Dieci anni coi “galletti”, molti da capitano. Dalla Quarta Serie alla Serie A, con quattro promozioni e 313 presenze (di cui 90 in A e oltre 170 in B), tanto da entrare nella storia del club e da continuare a ricevere omaggi anche oggi, ogni volta che torna in Puglia.

E ad arricchire il curriculum – prima della fine della carriera da calciatore a Prato e l’inizio di quella da allenatore a Poggibonsi – una presenza e il gol vittoria della Nazionale B a Lugano contro la Svizzera.

E quindi poi il via alla storia da allenatore: giovanili viola, il ruolo di vice della prima squadra con tecnici storico come Bruno Pesaola, Oronzo Pugliese, Nils Liedholm, Gigi Radice, Nereo Rocco, Carletto Mazzone.

Poi per anni la responsabilità del settore giovanile della Fiorentina. E ancora oggi l’attenzione per il calcio, la Viola vista in tv, la vicinanza al biancorosso dell’Isolotto, il campo poco lontano da casa.

Tanti i quaderni con i ritagli di giornale (tra cui una meravigliosa copertina del Calcio Illustrato in cui contende la palla a Liedholm, con cui poi avrebbe lavorato ai tempi della Fiorentina), le fotografie, mille i ricordi, i pomeriggi nel capoluogo pugliese in uno Stadio della Vittoria sempre ricolmo di gente, le trasferte in treno su e giù per l’Italia, gli incroci del destino: prima e ultima gara con la maglia del Bari contro il Cosenza, un Bari-Fiorentina giocata il giorno dopo la nascita del figlio Orlando (e con un Pantaleo Corvino bambino in tribuna). Cerchi aperti e chiusi.

Dal viola al biancorosso e ritorno, l’unico filo conduttore è sempre stato l’amore per il pallone. Nient’altro. “Cosa avrei fatto se non fossi diventato calciatore? Non ci ho mai pensato.
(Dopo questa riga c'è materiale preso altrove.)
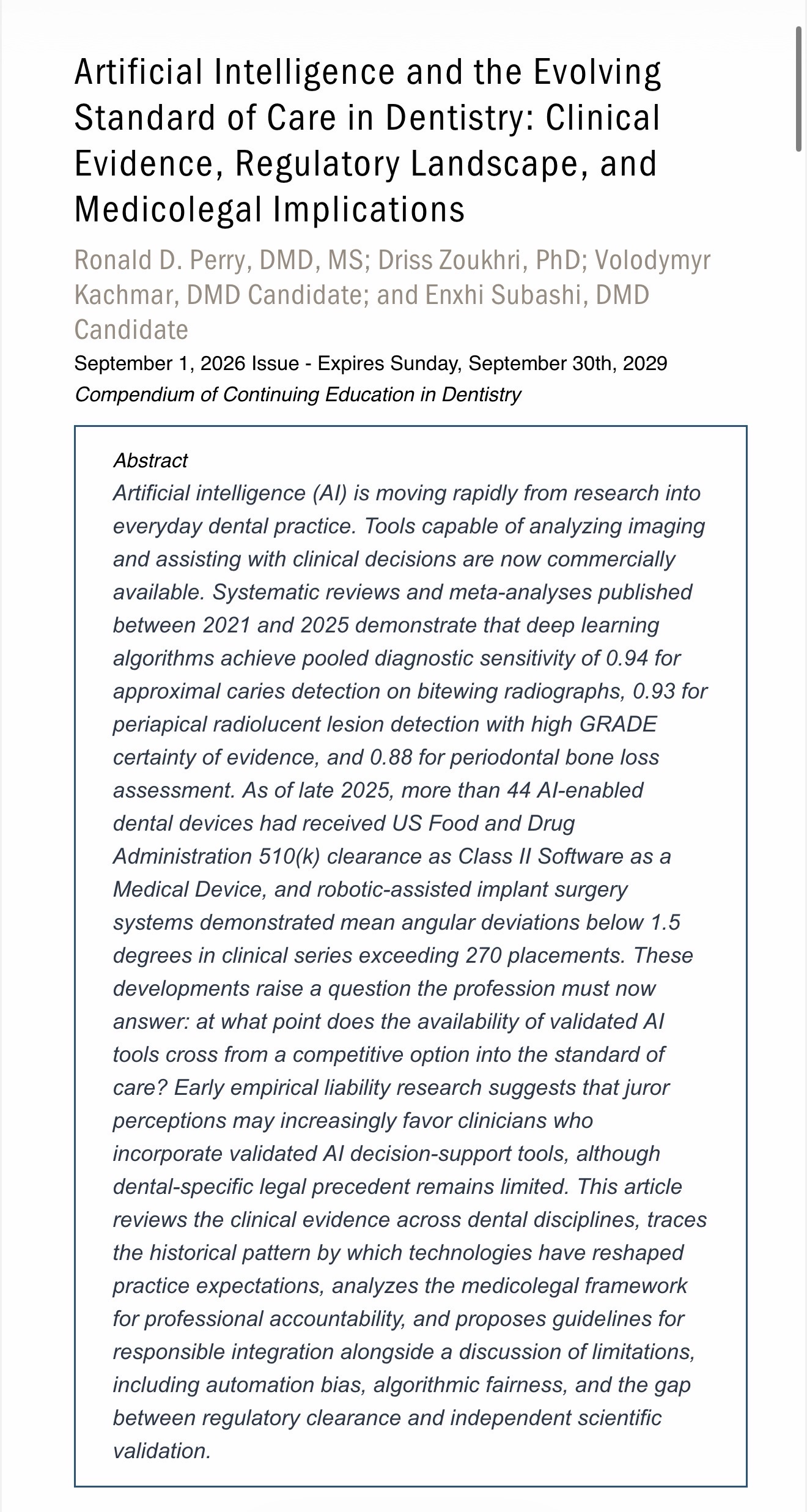 Title page and abstract of the article 'Artificial Intelligence and the Evolving Standard of Care in Dentistry' in Compendium of Continuing Education in Dentistry.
Ho sempre voluto fare quello e basta”. La storia d’amore di Mazzoni – oltre a quello per la moglie, con cui ha condiviso tutti quei ricordi – è fatta soprattutto di quell’attrezzo in pelle accarezzato e preso a calci: “Ho sempre preferito fare il calciatore piuttosto che l’allenatore. Da allenatore non puoi più fare quello che vorresti in campo, non ti puoi muovere in prima persona”. Ha gli occhi accesi di passione, ogni volta che parla di calcio, di campo. Sembra quasi di sentire l’eco di quegli spalti in bianco e nero.

Ma appunto, in mezzo a una vita di pallone, c’è anche un ricordo di un’estate nel Chianti.
“Ero un ragazzo e vivevo in via Bronzino a Firenze. Uno dei miei amici, Aldo Tacchi, passava le estati in vacanza con la famiglia a Mercatale val di Pesa. Una volta mi chiese di andare a giocare su con lui, nella sua squadra. Mi ricordo che la prima partita la giocammo contro il Ferrone. E me lo richiese altre volte, e ogni volta andavo volentieri. Si prendeva la bicicletta e si arrivava su fino a Mercatale e poi in campo a giocare”.

“D’altra parte – scherza Mazzoni – io sono sempre stato così. Tra andare a vedere Fiorentina-Milan allo stadio e giocare una partita a Mercatale, io ho sempre scelto di giocare. Non c’era storia”.